【初任給とは?】いくらもらえる?就活生がチェックしたいポイントを解説!

「初任給」とは、就職して最初にもらえる給与のこと。社会人として自立するためにも、実際にどのぐらいのお金がもらえるのか気になりますね。そこで専門家の監修の下、初任給の平均的な金額や、「基本給」「額面」「手取り」などの違い、入社後にもらえるおおよその金額の見積もり方などについて解説します。

初任給とは

「初任給」とは、就職して、初めて受け取る給与のことです。給与とは、企業から社員に対して支払われる労働の対価であり、「基本給」に加えて「各種手当」「インセンティブ」「賞与」さらに「自社製品」などの現物支給も含めた、企業から受け取るすべての報酬を指す言葉です。

初任給はいつもらえる?

初任給が支給されるタイミングは、その企業の「締め日」と「支払い日」によって異なります。

例えば「月末締め、当月25日払い」の企業であれば、4月1日〜30日の1カ月分の給与が4月25日に支払われます。この場合、4月25日〜30日分の給与は前払いということになります。
「当月払い」でも「15日締め、当月25日払い」の場合には、4月1日〜15日分の給与が25日に支払われることになるため、初任給の金額は約半月分になり、上記より少なくなります。

また、「翌月払い」のケースもあります。例えば「月末締め、翌月25日払い」なら、4月1日〜30日分の給与が5月25日に支払われます。この場合、入社して2カ月近く収入がないことになるため、特に一人暮らしの方などは、その間のお金のやり繰りを考えておく必要があるでしょう。

初任給の平均額

初任給の相場はどのくらいでしょうか。
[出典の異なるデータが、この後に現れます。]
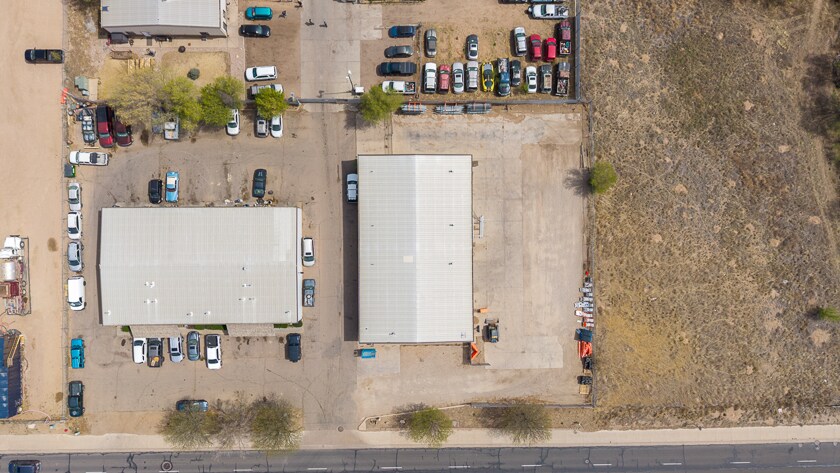 More Photos Of 3026 1st Ave, Greeley Warehouse For Sale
厚生労働省が2023年に実施した調査によると、大学卒者の初任給の平均は23万7,300円、大学院修了者の平均は27万6,000円となっています。
もちろん企業によって、この金額を上回ることも下回ることもあるので、あくまでも平均的な金額として捉えておきましょう。

●学歴別の初任給の平均額

大学院 大学 高専・短大 専門学校 高校
27万6,000円  23万7,300円  21万4,600円 21万4,500円 18万6,800円

※出典 厚生労働省  「令和5(2023)年賃金構造基本統計調査(9)新規学卒者の学歴別にみた賃金」https://www.mhlw.go.jp/toukei/itiran/roudou/chingin/kouzou/z2023/dl/09.pdf

初任給に含まれるもの・差し引かれるもの

初任給を含め、企業の給与を知る際に注意しておきたいことは、初任給の平均額や、採用情報に記載されている金額は、一般的に「額面給与」であり、実際に銀行口座に振り込まれる「手取り」の金額ではないということです。
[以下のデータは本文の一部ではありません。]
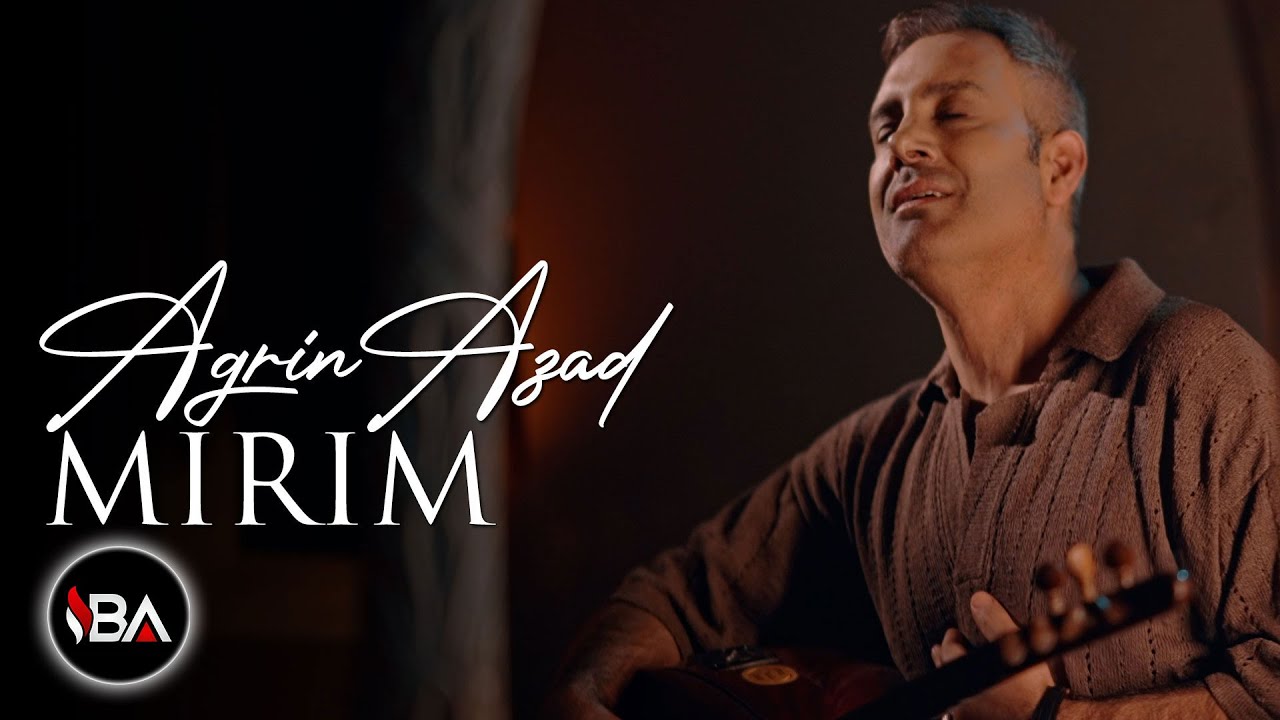 Kilîpek nû ji Agrin Azad - Mirim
「額面給与」とは、基本給、各種手当、インセンティブなどを合計した、企業が社員に支払うすべてのお金=総支給額のこと。それに対して、実際に受け取れる「手取り」とは、総支給額から社会保険料や税金などが差し引かれた(控除された)金額=差引支給額となります。

額面給与-控除=手取り

初任給と基本給の違い

採用情報の給与欄を見ると、「初任給」ではなく「基本給」や「月給」と記載されているケースもあり、「違いがわからない」と戸惑っている就活生もいるかもしれません。
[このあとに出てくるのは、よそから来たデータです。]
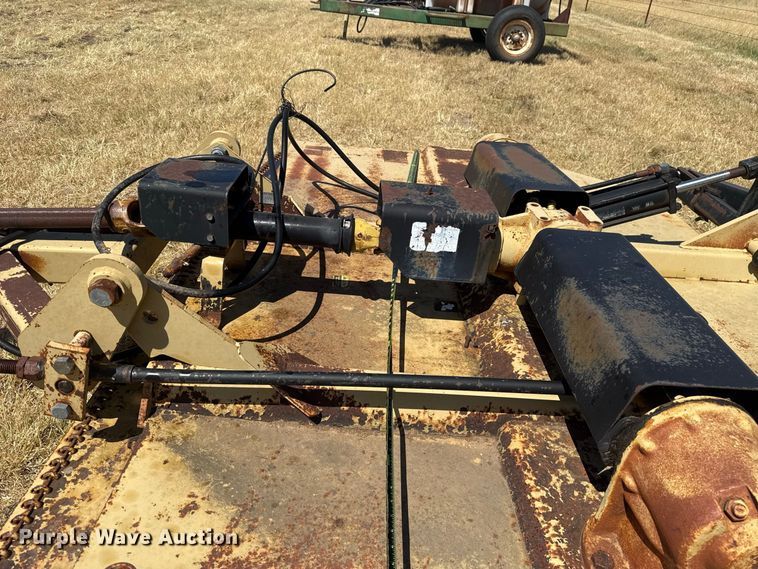 image for item FC4188 Land Pride RC35120 rotary mower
まず「初任給」と「基本給」の関係は以下のように表すことができます。

初任給=基本給+各種手当

●基本給
毎月企業から固定で支払われる「賃金の土台」となる部分です。一般的には年齢や勤続年数、職種、技能、役職などを基準に決められ、昇給によって金額が上がっていきます。

●各種手当
基本給以外に企業が支払う賃金のことです。その企業で仕事に携わる人全員に支給される手当(一律手当)や、一定の条件に当てはまる社員にのみに支給される手当、月々の業務内容によって変動する手当(残業手当など)と、さまざまなものがあります。

「月給」とは「基本給」と「固定手当」を合計したもので、毎月必ず支給される給与のことです。「固定手当」とは、役職手当や資格手当など、社員ごとに毎月固定で支給される手当のことです。

月給=基本給+固定手当

したがって、募集要項で「初任給」や「月給」として記載されている金額は、「基本給+社員全員に一律で支給される手当」、つまり「全員に毎月固定で支給される金額」と考えて良いでしょう。
入社して実際に支払われる初任給は、各自の残業時間や通勤にかかる交通費などによって、社員ごとに金額が異なってきます。

【含まれるもの】各種手当

実際に支給される初任給は基本給と各種手当の合計金額となります。初任給で支給されることがある主な手当には、次のようなものがあります。

●通勤手当…通勤にかかる費用(通勤定期代や駐車場代など)を補助するために支給される手当。

●時間外勤務手当…残業手当。会社が決めた所定の労働時間を超えて働いた場合、または法定労働時間(1日8時間、週40時間)を超えて働いた場合に加算される手当。

●住宅手当…賃貸住宅に住んでいる場合の家賃補助や、持ち家の住宅ローンを補助する目的で支給される手当。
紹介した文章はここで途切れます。